Identifying cognitions is part of teacher expertise
All too often we categorise learning activities and assessment based on the content they cover. If we did the activity above, would students go home and say they studied the Aztecs? Because they really didn’t. What they did was develop their ability to analyse images and the thinking of others, explain their reasoning, evaluate the claims and reasoning of their peers and justify their own positions and critiques. Not a bad day’s work. Sure, this could then lead into learning about the Aztecs, in fact it’s a great way to do so, but it need not be the point.
Notice that in this activity I led with the cognitive instruction infer, but I did so in full knowledge of the other skills that would be required, in particular knowing it was a GT activity. This kind of learning design, in which thinking can be targeted with precision and intentionality, is the hallmark of expert teachers in the domain of teaching for thinking.
There are many other things to discuss about the GT, including its role in growing dispositions/virtues characteristic of good thinkers, and the development of norms of collaborative reasoning. But my main point is to provide an alternative to Bloom’s taxonomy. What good teachers do with it is up to them.
Teachers, think about your favorite learning experiences with students.

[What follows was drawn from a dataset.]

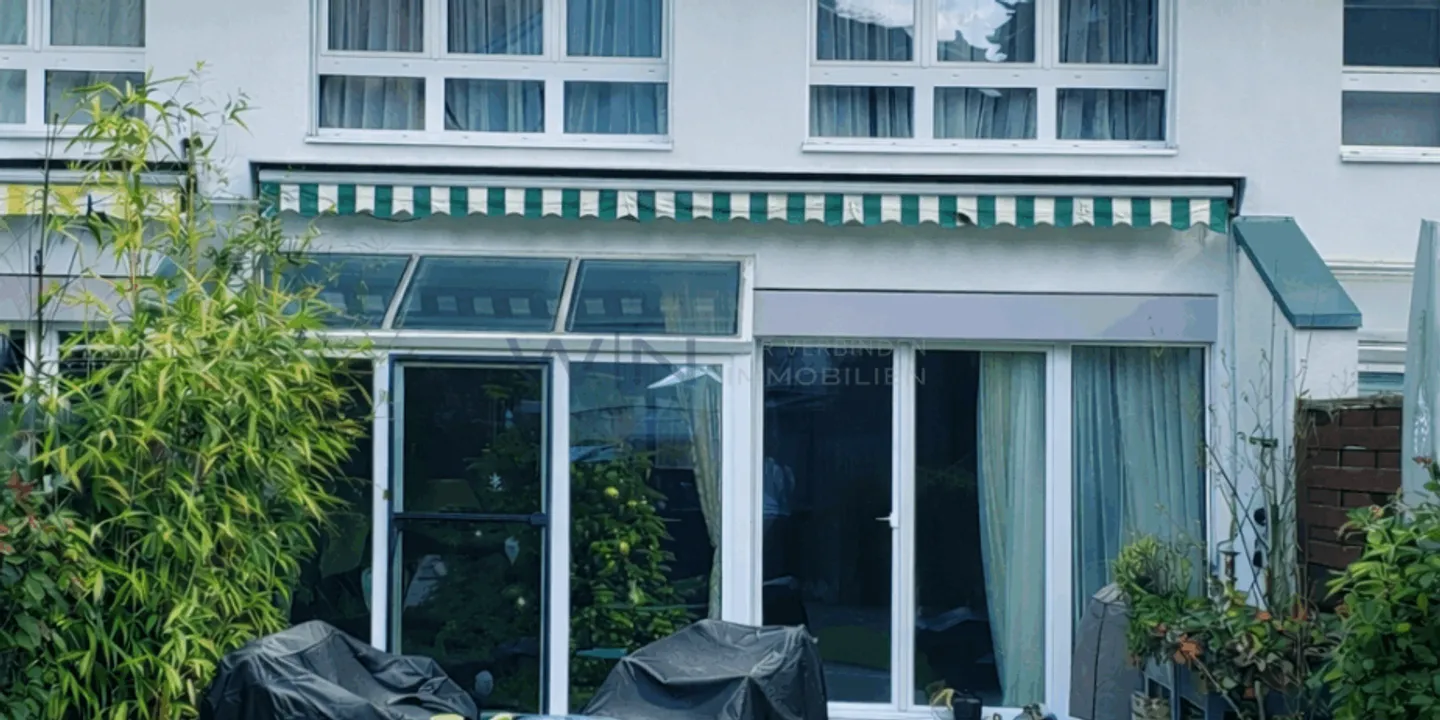 Modern Townhouse by the River - Photo 10 of 11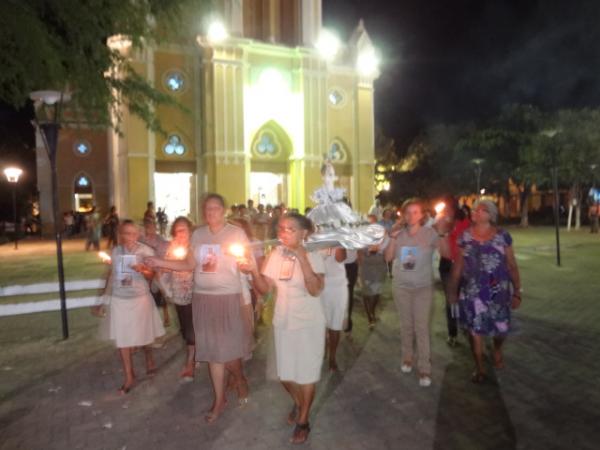 Prociss&atilde;o encerrou festejos de Nossa Senhora do Carmo em Floriano.(Imagem:FlorianoNews)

I’ll bet it’s a Golden Tetrad one.
My next post will probably be about the false dichotomy between teaching for thinking and developing content knowledge, but I’m always happy to take suggestions!
Loving your posts Peter! After reading this, I’m really intrigued now on your thoughts about learning intentions and success criteria. How can we best portray the interrelatedness of these cognitive skills to our students but also support them in understanding what success looks like? Maybe a future post? Can’t wait to hear your perspective on the false dichotomy!
I'm struck by the thought that those Golden Tetrad skills all require some buy-in on the part of the student. In order to evaluate, analyze, justify, or explain, students first have to care; they have to be motivated to do that.
And there's a reason why no one goes home and says, "Yea! I learned to analyze today."
I'm also thinking about how any framework, whether it's Bloom's Taxonomy or the Golden Tetrad can turn into a Procrustean framework when it's used as a measurement of what makes a good lesson, a bit like Campbell's/Goodhart's Law.